Guano is chock-full of reactive chemicals, I knew, though I didn’t know how I knew that. Regardless, I had my own little organic harvester helpers.
After a while their shitting slowed and stopped, and I judged that they’d cleared out their digestive tracts enough for one night. I eased the elevator shaft door open, and slammed the main door shut. “Go on, get,” I said, and between the crash of the metal door and my voice, the bats were only too happy to flee back to the darkness below. “Alright, now we can talk.”

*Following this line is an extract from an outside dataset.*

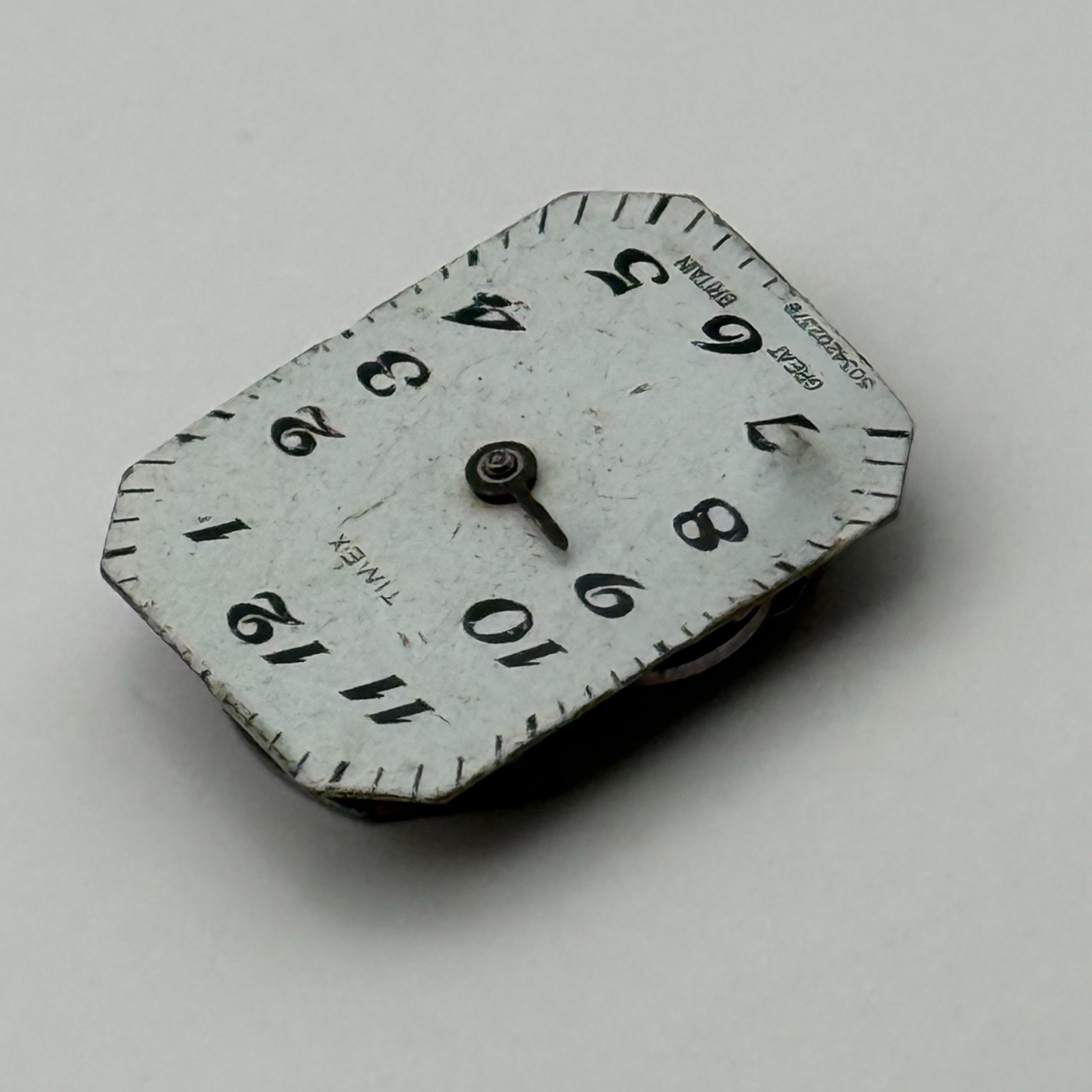 Timex 482 Watch Movement Great Britain 0 Jewel Manual Wind Parts Repair 18.1mm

“Are you talking to me? Or your new best friends?” Argus sulked.
“Don’t worry, you’ll always hold a special place in my heart. Besides, it’s a different niche. I’m okay with them giving me shit, but I’d rather that you didn’t.”
He snorted, which was pretty impressive for something without a nose. “Well, at least they’ve got a rich diet. That’s an amazing amount of stock for so little volume.”

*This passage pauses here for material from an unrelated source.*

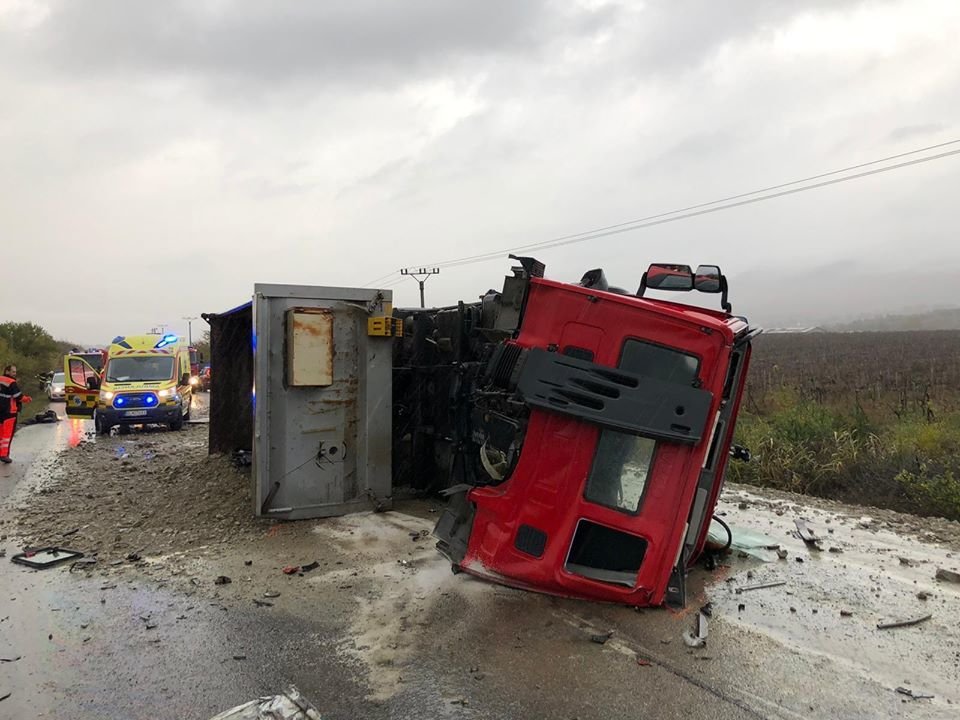 Tragická dopravní nehoda u slovenské Nitry: Autobus se srazil s náklaďákem.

“To be fair, that’s a pretty big swarm. They must eat well.” That thought led to another. “I need to see what’s around here. Get the lay of the land.”
“Well, you know which direction you have to go,” Argus nodded toward the door, and the corridor beyond. I eased it open, regarded the daylight shining in from around the corner.
“So how does this work exactly?” I asked him.
“Visualize what you want, and order the builder nanoswarm to do it. I’ll handle the rest,” Argus said. “Basic corridor? Something to match the décor in here?”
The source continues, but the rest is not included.